"It's been a huge challenge," said Michal Malasek, whose construction company was tasked with refurbishing the villa while staying faithful to its design. "I have never worked on anything of such prestige."
About 80 percent of the villa's original features have been preserved, making it "the most authentic Mies van der Rohe building on the European continent," said Iveta Cerna, an architect from Brno's municipal museum who has looked after the villa since 2002.
Good fortune played its part: An original bathtub, missing since the 1940s, was found in a nearby house; and a curved wall of Macassar ebony was discovered at a dining hall inside Brno's Law School, where it had been taken to spruce up a bar built for Nazi officers.
Brno experienced a building boom in the late 1920s that reflected the growing confidence of the city in the independent Czechoslovakia, created in 1918. Grete and Fritz Tugendhats, co-owners of wool factories and part of a large German-speaking Jewish community in the city, were able to commission the home of their dreams from Mies van der Rohe.
"I truly longed for a modern spacious house with clear, simple shapes," Grete Tugendhat said in a 1969 lecture in Brno. Her husband died in 1958 and never saw it again after the family fled Czechoslovakia in 1938, a year before the Nazis took power.
Grete Tugendhat returned from her home in Switzerland to visit the house several times, first in 1967. She died in 1970. Efforts by the family to claim their former property back after the collapse of communism in 1989 failed.
After the war, the building hosted a private dance school before the communist Czechoslovakia took it over in 1950; it served as a rehabilitation center for children with spinal defects until the end of the 1960s. The city of Brno has owned it since 1980.
On a recent sunny day, workers were polishing the staircase of Italian white travertine that leads from the terrace to the garden. In the living space, the curved ebony wall was wrapped in cloth to prevent any damage. In winter, when the sun is low and its beams are penetrating the onyx wall at the right angle, its color changes in some parts to shine in orange and dark-red hues.

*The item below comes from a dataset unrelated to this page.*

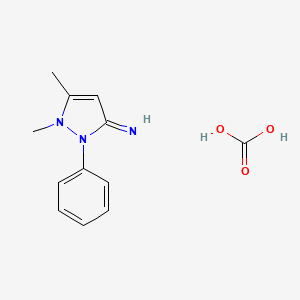 molecular formula C12H15N3O3 B6118602 carbonic acid - 1,5-dimethyl-2-phenyl-1,2-dihydro-3H-pyrazol-3-imine (1:1)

"We know from Grete that Mies himself was surprised by this unique effect," said Cerna, the Brno architect. The house's charm "is in the changes. It changes with weather; it looks different each season of the year."

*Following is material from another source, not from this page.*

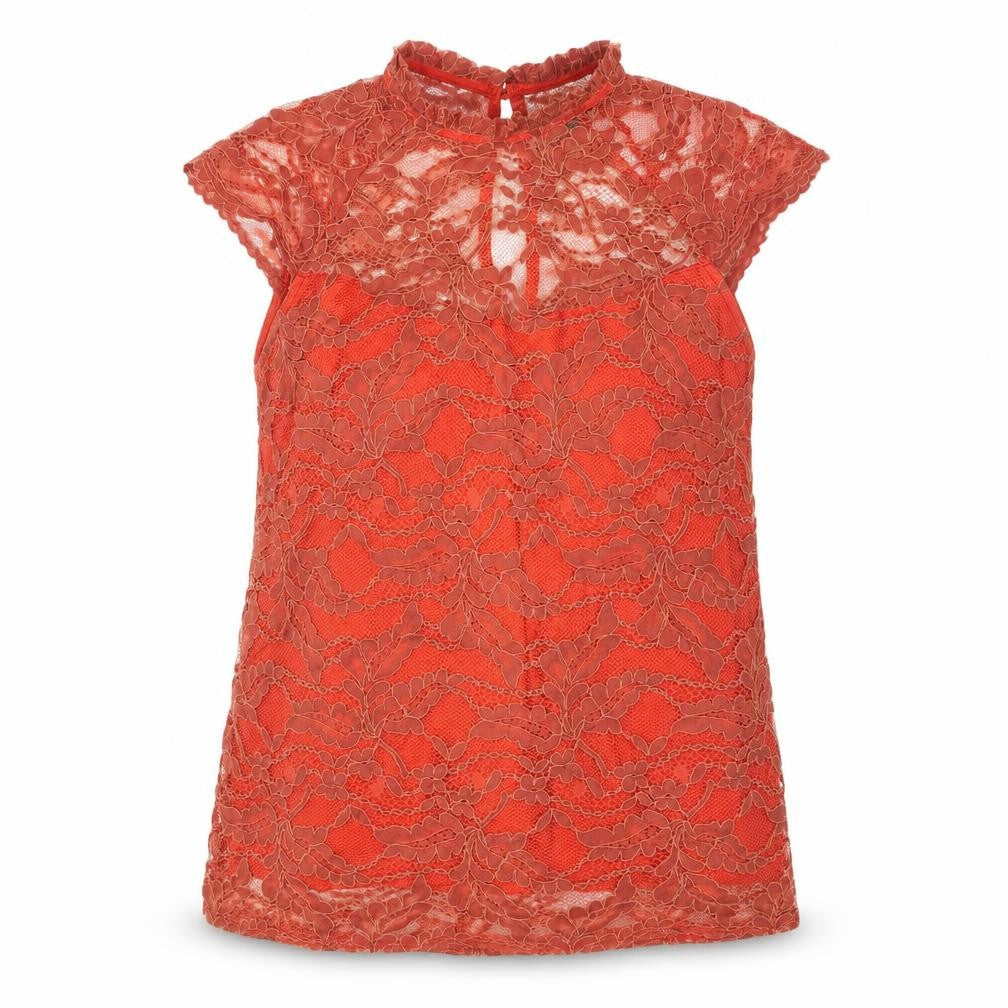 Front view of Dorothy Perkins women’s orange nylon basic t-shirt, size UK 10, round neck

Combining a design of pure geometric forms with advanced technologies and exotic materials, Mies van der Rohe satisfied the owners' wish for innovation and originality.
Some replica parts had to be obtained in the last two years: Huge glass panes, one centimeter (0.39 inch) thick, were made in Belgium, while the white linoleum that originally covered the floor was provided by the same German company that made it more than 80 years ago.
Love at first sight
Fritz and Grete Tugendhat lived in the villa with their three children for eight years in the 1930s. Grete said she fell in love with it "from the first moment."
In 1938, the Tugendhats had to leave Czechoslovakia to escape the Nazis, heading first for Switzerland and later for Venezuela. Mies van der Rohe, whose work did not meet Hitler's taste for monumental architecture, also fled the Nazis. He settled in Chicago and designed a number of significant buildings in his new land. He died in 1969.
The Gestapo seized the building after invading Czechoslovakia and - insensitive to the original design - made changes, including erecting several extra walls inside and outside. All but one of the large windows was smashed by Allied bombings.
World Heritage Site
During liberation by the Red Army in 1945, the living space was used as a stable for the officers' horses. And the Communists, who took power here in 1948, tried renovating the villa in the 1980s - but did more harm than good.
The deal that split Czechoslovakia into the Czech Republic and Slovakia in 1992 was signed in the villa, adding to its historical significance.
The idea to restore the villa dates to 2001, when UNESCO declared it a World Heritage Site. City officials now are trying to buy the original pieces of furniture from the families that own them. Said Brno Mayor Roman Onderka, "It would be something extraordinary to get them all."